II
Он иногда звонит в мою квартиру и, виновато улыбаясь, мягко говорит:
— Мне бы ключик от мусоропровода. Опять забили коробками.
Ему около сорока; полноватый и медлительный в движениях, с широким лицом и кроткими глазами. Его работа — вывозить мусор, который жильцы дома спускают со всех этажей по трубе в мусоросборник, что в полуподвале. Володя — так все его зовут — вывозит эти отходы быта на таратайке, взгромоздив на нее картонный короб. Тихий, безобидный, совсем непьющий человек. Особенно хороша у него улыбка — открытая, тихая, детская даже.
И вот как-то снова звонит.
— Что, Володя, ключ?
— Нет,— замотал головой и протянул вперед руку. — Не ваша?

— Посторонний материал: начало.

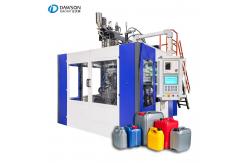 China 3 Layers Plastic Lubricant Bottle Barrel Drum Jerrycan Extrusion Blow Molding Machine Ce Fully Automatic supplier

На ладони его лежала золотая сережка с камушком.
— Нет.
— По ошибке, видать, кто-то... Маленькая вещь, с мусорoм, наверно. Блеснула, гляжу... Извините! — И отошел к соседней двери, поднял руку к кнопке звонка.
Господи, вот праведная душа!
Случай тот запомнился, и я однажды напомнил ему о нем, спросив — нашел ли он тогда хозяйку сережки.
— Нашел. На вашем же этаже.
— А ты вот не польстился на нее.
— Чужое, — пожал он плечами, подумал, усмехнулся и рассказал: — Знаете, еще в детстве стянул я как-то с комода полтинник, наверно, хотел что-то купить, малость какую-нибудь... не помню уже... Отец узнал и не прибил меня, нет — усадил за стол, дал тетрадку и карандаш. “Пиши, — говорит, — “я — вор”. Пока всю тетрадку не испишешь — не встанешь”. Я плакал и писал…
Иногда я вижу его на трамвайно-троллейбусной остановке, где он подметает тротуар — еще одна работа. Обычно он делает это рано утром, но иногда и днем — видать, были какие-то другие дела спозаранку. И надо видеть, как осторожно он машет метлой, поглядывая по сторонам: не запылить бы кого.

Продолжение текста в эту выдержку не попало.